Starting at the line that contains "4774 Northwood DR, Roanoke, VA 24017" and stopping at the line that contains "Speed Trainer SlipOn Sneaker", transcribe every line of the material below exactly; pictures stay out.

── Information given ──

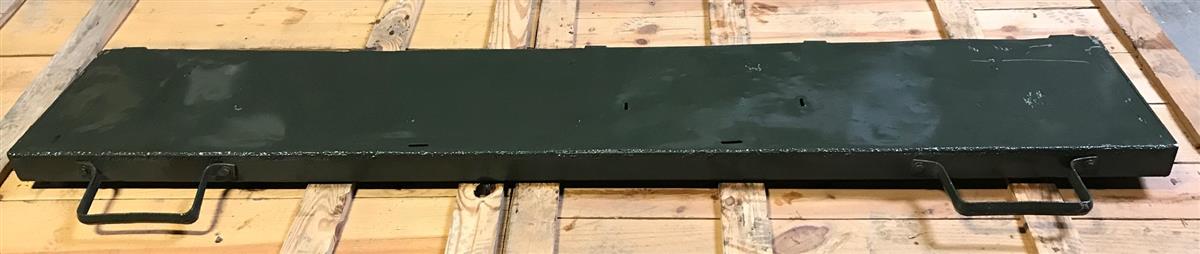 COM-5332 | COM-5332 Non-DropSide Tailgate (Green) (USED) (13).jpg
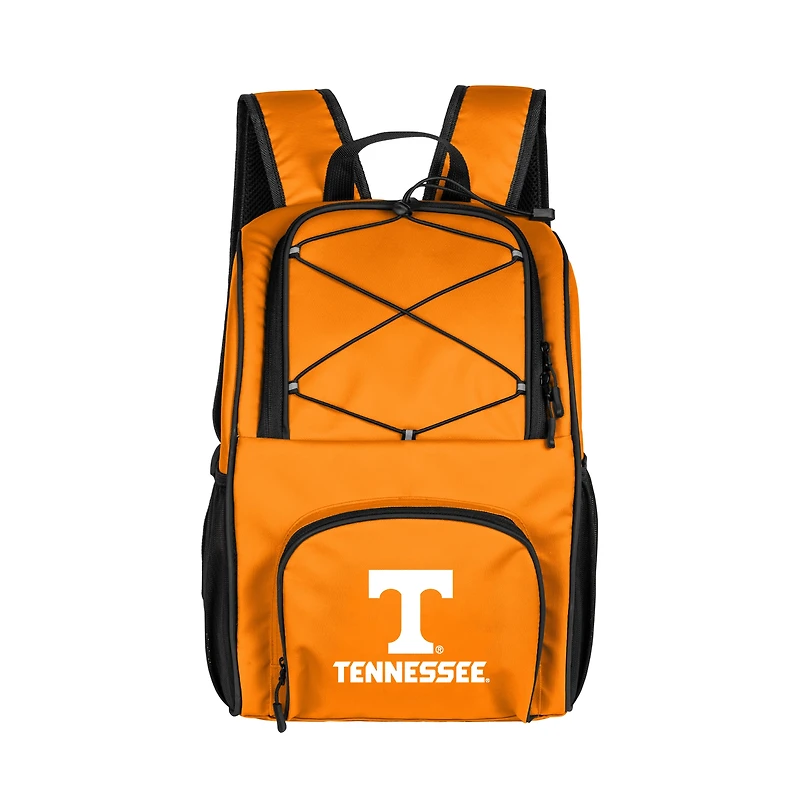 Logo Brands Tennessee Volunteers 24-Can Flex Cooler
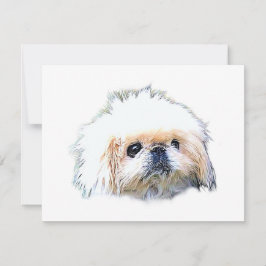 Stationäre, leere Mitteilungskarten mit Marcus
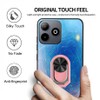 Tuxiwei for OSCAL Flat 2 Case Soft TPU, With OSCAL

───
── Information given ──

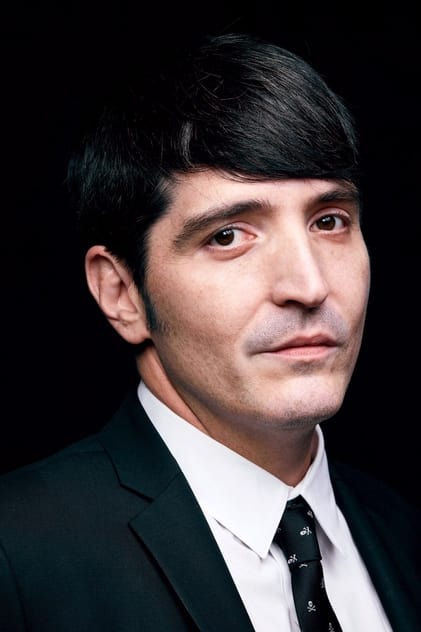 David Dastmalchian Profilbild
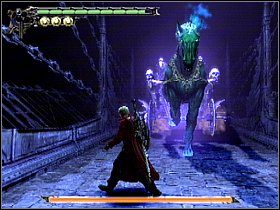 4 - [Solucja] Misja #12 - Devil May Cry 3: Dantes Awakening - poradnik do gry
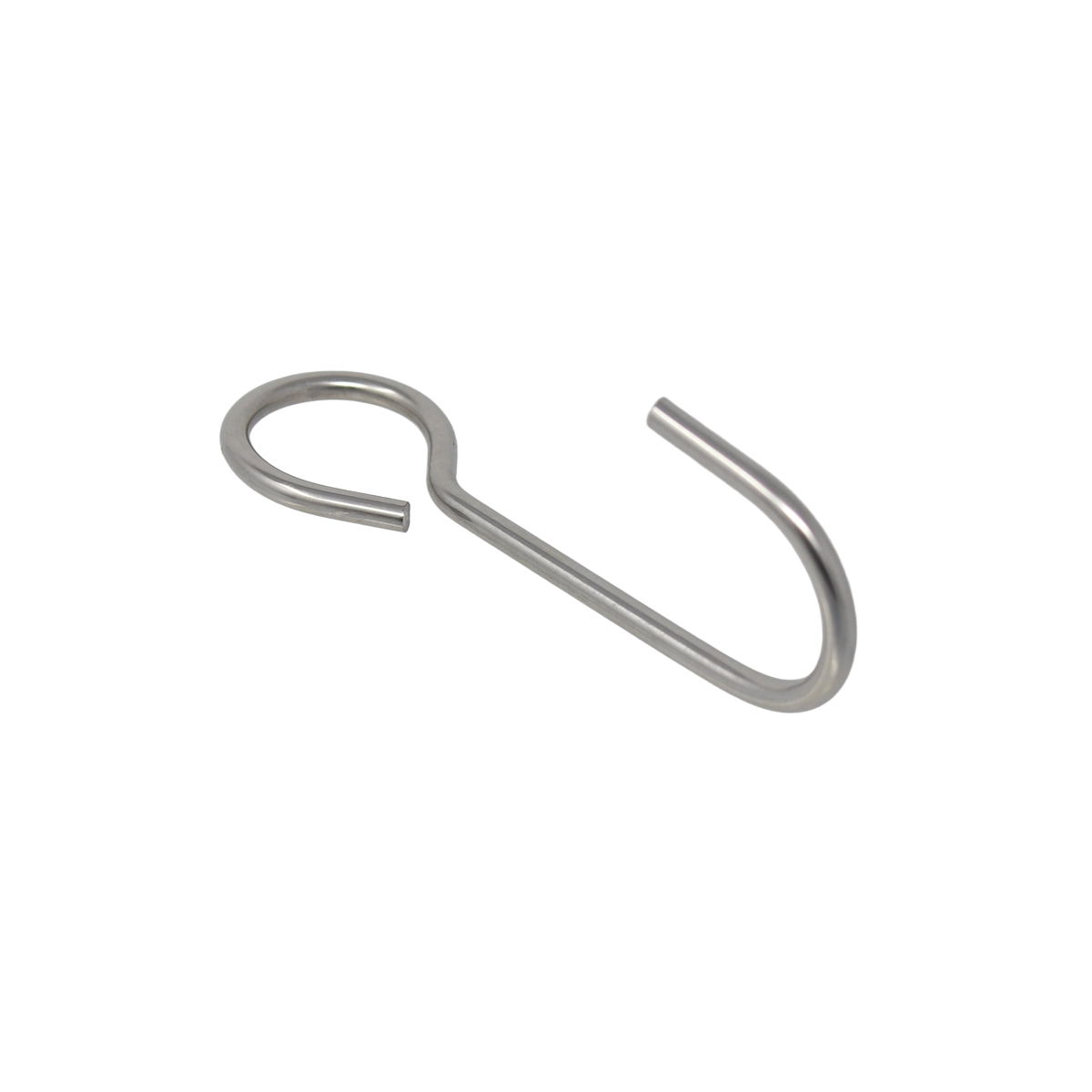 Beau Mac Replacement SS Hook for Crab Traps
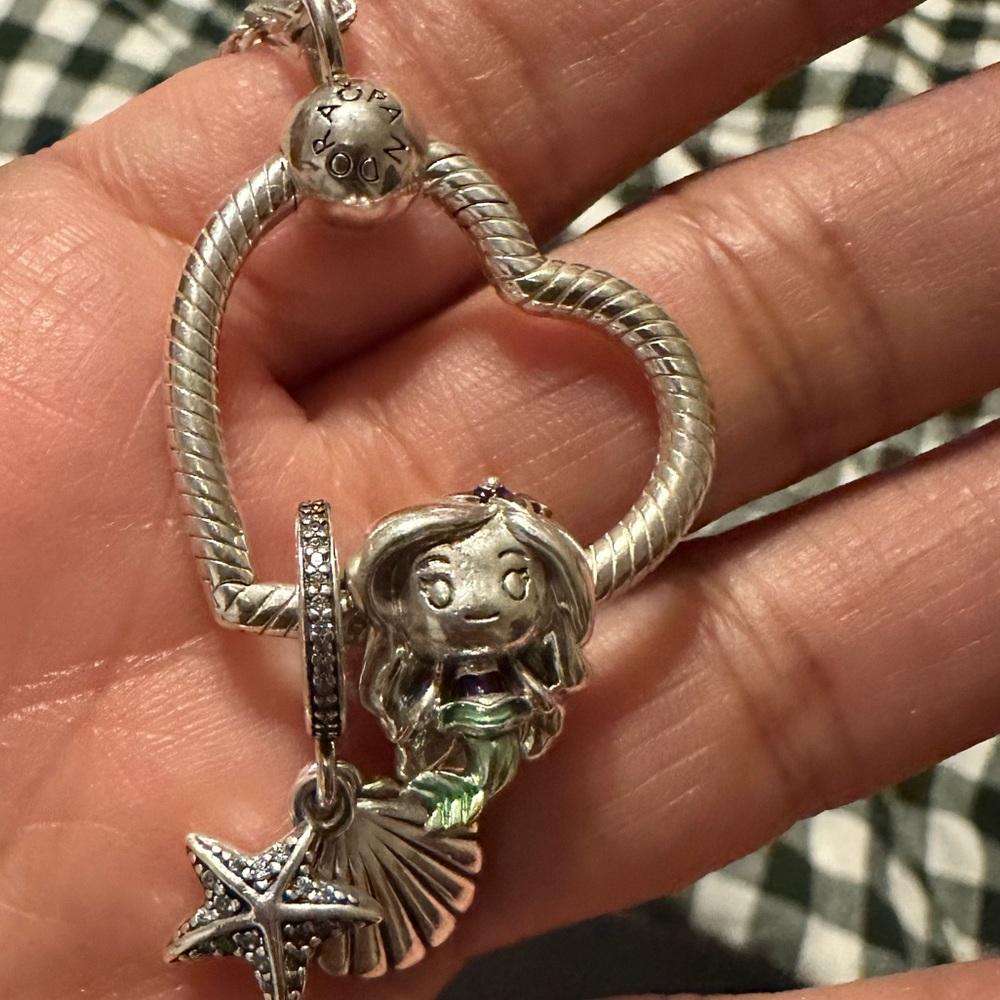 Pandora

───
── Information given ──

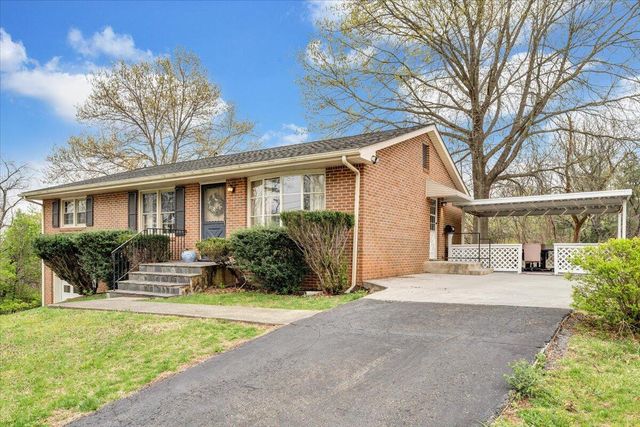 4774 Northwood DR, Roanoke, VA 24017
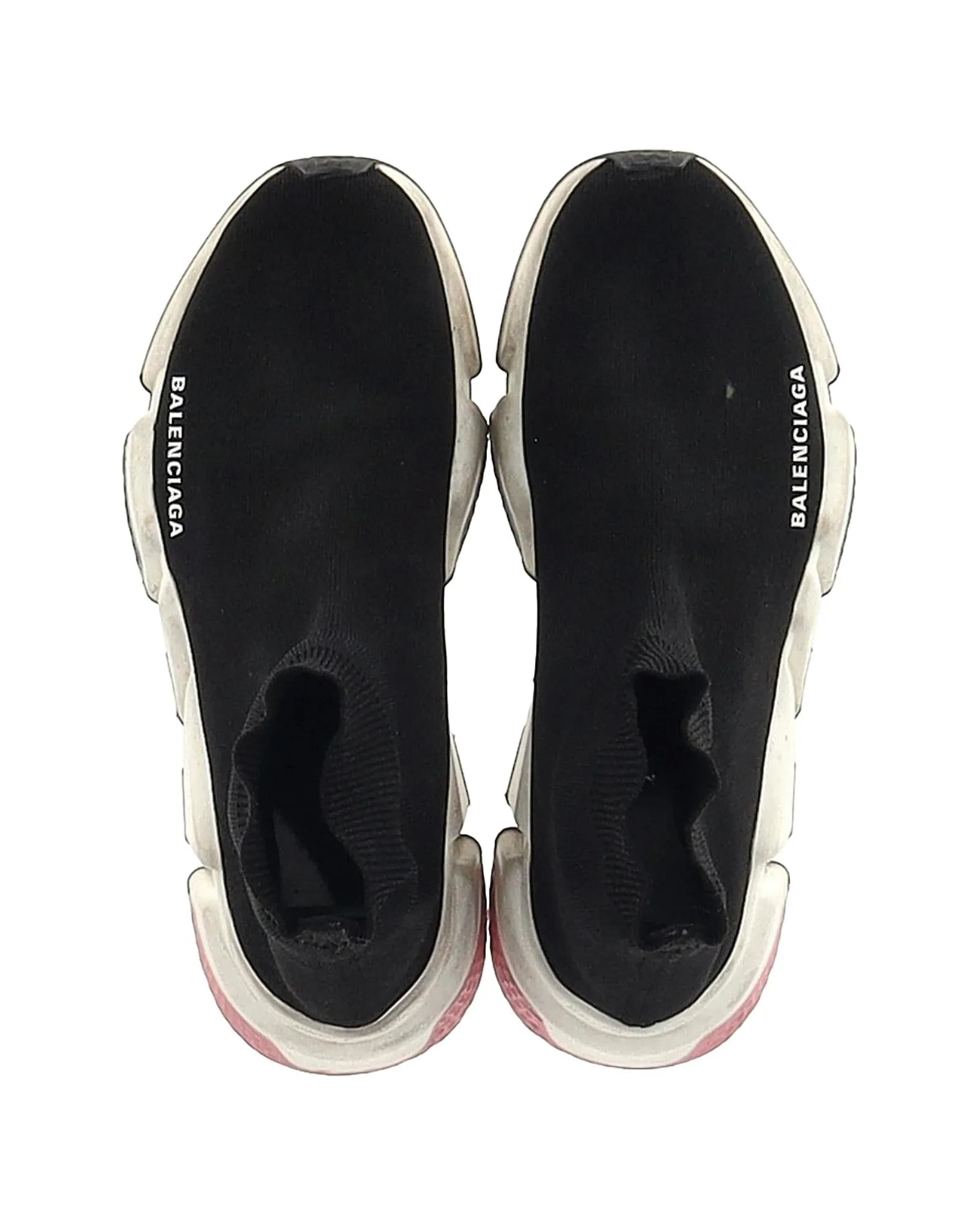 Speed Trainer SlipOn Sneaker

───

*Completed task*:
 4774 Northwood DR, Roanoke, VA 24017
 Speed Trainer SlipOn Sneaker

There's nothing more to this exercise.